General Electric investor big time in energy in Turkey!

Paying a visit next week to Turkey is U.S. Secretary of Energy Ernest Moniz, who will be bringing along with him in his briefcase a major investment and strategic partnership agreement.

General Electric investor big time in energy in Turkey!

Turkey continues to be the address for investments for some of the world’s largest mega companies. Paying a visit next week to Turkey is U.S. Secretary of Energy Ernest Moniz, who will be bringing along with him in his briefcase a major investment and strategic partnership agreement. Within this framework, U.S. energy giants General Electric (GE) will be making an over five billion dollar investment in building a 3,000 megawatt wind power plant. The scope of this investment is larger than the current wind energy power plants in operation in all of Turkey.

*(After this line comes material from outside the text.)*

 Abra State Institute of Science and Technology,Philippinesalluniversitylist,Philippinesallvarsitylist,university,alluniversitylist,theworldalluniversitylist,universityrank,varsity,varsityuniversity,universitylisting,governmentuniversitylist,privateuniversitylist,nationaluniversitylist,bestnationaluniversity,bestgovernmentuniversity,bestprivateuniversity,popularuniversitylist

GE plans to establish a wind energy turbine factory in Turkey. The most critical factor in this agreement consists of the transfer of technology to Turkey. Turkey, which is currently experiencing the fastest rise in electricity consumption in the world, second to China, is anticipated to have doubled its electricity consumption by 2023. This translates to a foreseeable nearly 300 billion-dollar investment in the electricity arena. Within this context, in addition to nuclear and solar power and domestic coal, a 30 billion dollar investment is planned to produce 20,000 megawatts of power wind energy.

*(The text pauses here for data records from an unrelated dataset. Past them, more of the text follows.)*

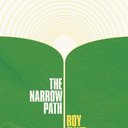Roy Flint - @narrowpathbook - Twitter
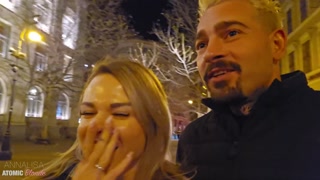 Squirting Sluts Taking 2 Cocks &amp; Lots Of Cum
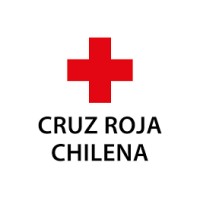 Cruz Roja Chilena logo - Similar company to Academia Into Space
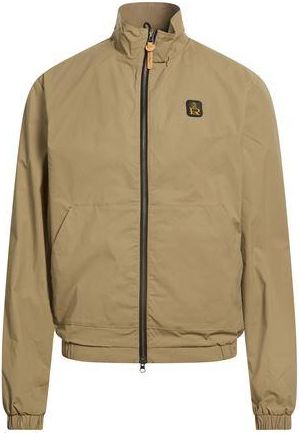 RefrigiWear JACKEN & M&Auml;NTEL - Jacken und Anoraks auf YOOX.COM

GE TO SET UP A WIND TURBINE FACTORY

With investments in the energy, health services, transporting and infrastructure arenas, General Electric is defined as being a technology, services and finance firm. With operations in over 100 countries, the firm provides employment opportunities for nearly 300,000. The company, which sold the 18.6 percent share it maintained in Garanti Bank to the Spanish bank BBVA for 3.78 billion dollars, has since signed on to a number of energy investments. As per this agreement, GE will be setting up a wind energy turbine factory in Turkey of the likes only owned by a few select nations.